Tengo un amigo, Claudio, que al cumplir los cuarenta decidió empezar una nueva vida. La cantidad de trabajos que Claudio había sumado en los últimos diez años era paralelo al número de salmodias coránicas en época del Ramadán. Cambiaba de curro cada tres meses (cuando se encontraba particularmente a gusto). Era tan incapaz de mantener una ocupación fija, como fenómeno en hacerse contratar. Hasta tenía un nombre de batalla: Entrevista man. No había seleccionador de personal que pudiera resistirse a su encanto. Siempre acababa consiguiendo el trabajo y siempre, al cabo de unos días, lo dejaba. Se aburría. Tenía asumido que trabajar sirve únicamente para comer y permitir cultivar tus pasiones, incluso si tu pasión es la de no hacer nada todo el rato. De modo que un día se cansó de ese juego, vendió sus pocas pertenencias y se fue a una granja wwoof de Olaho, en el sur de Portugal.

Desgraciadamente, al cabo de dos meses viviendo en una caravana en medio de los cultivos, huésped del titular holandés de la granja y de su mujer portuguesa, el aburrimiento empezó a asomarse otra vez. Así que cuando para alojar un cable de corriente le encargaron la construcción de un foso mucho más largo de lo necesario ya que, según su anfitriona, la lechuga habría podido sufrir de malas influencias electromagnéticas (los naturistas pueden ser muy singulares), decidió que ya era tiempo de marcharse. Y se fue, a otra granja más al norte en el Algarve, donde, de momento, aguanta.
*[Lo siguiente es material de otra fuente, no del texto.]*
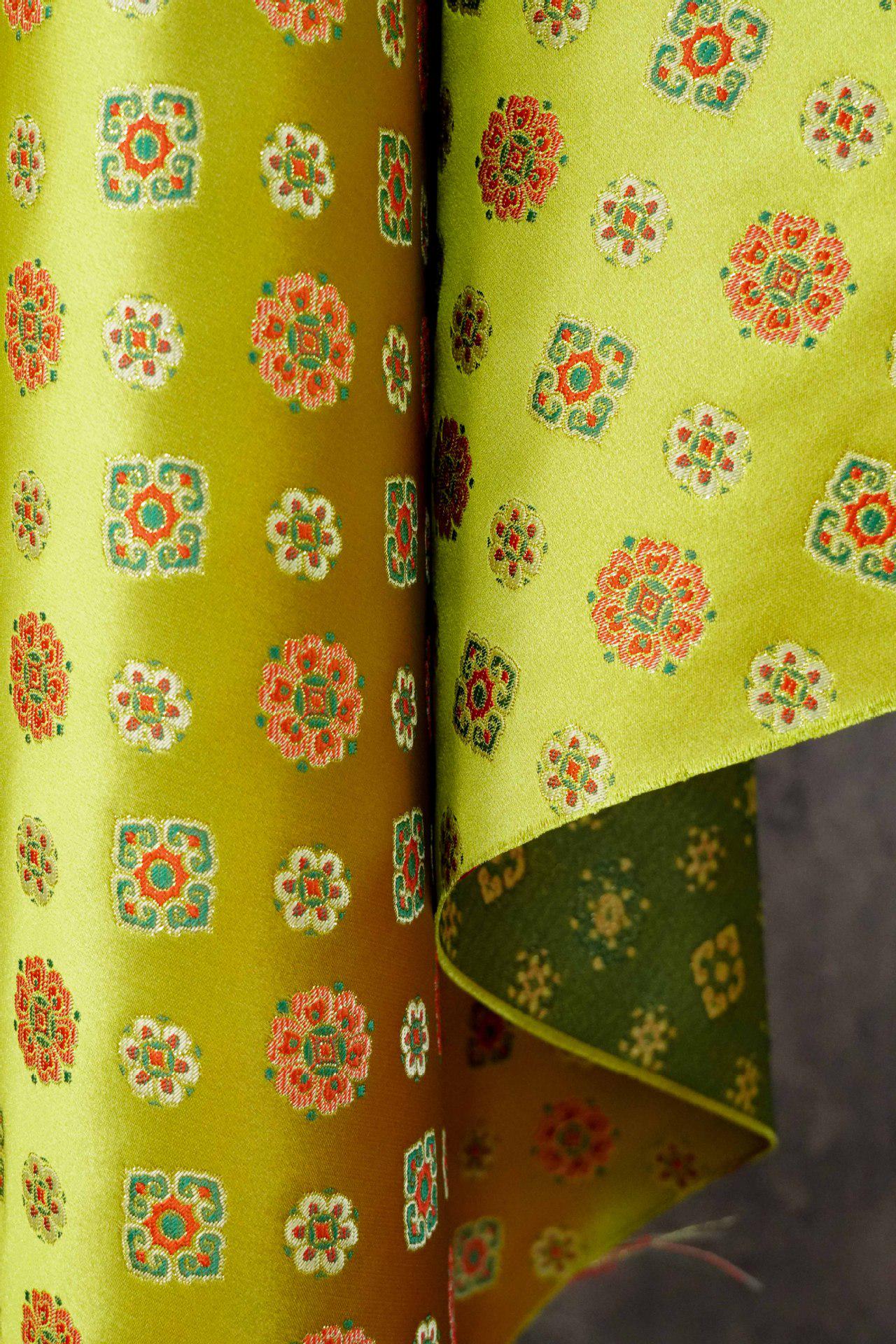 Song Brocade Fabric Yellow Green | Coin Floral Jacquard | Vintage Chinese Pattern | 60" Wide | Hanfu Costume Decor - Poppylollipop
Siempre con la frágil esperanza de no tener que dar la razón a Sócrates, cuando explicaba que no hay que sorprenderse si al viajar acabas aburriéndote de ti mismo, al estar viajando exactamente con la persona de la que querías escapar.

Ello sería un fallo importante, aunque inferior al de terminar un artículo que habla de fuga citando a Sócrates, que, en cambio, no escapó y se tragó la cicuta (biológica, por supuesto).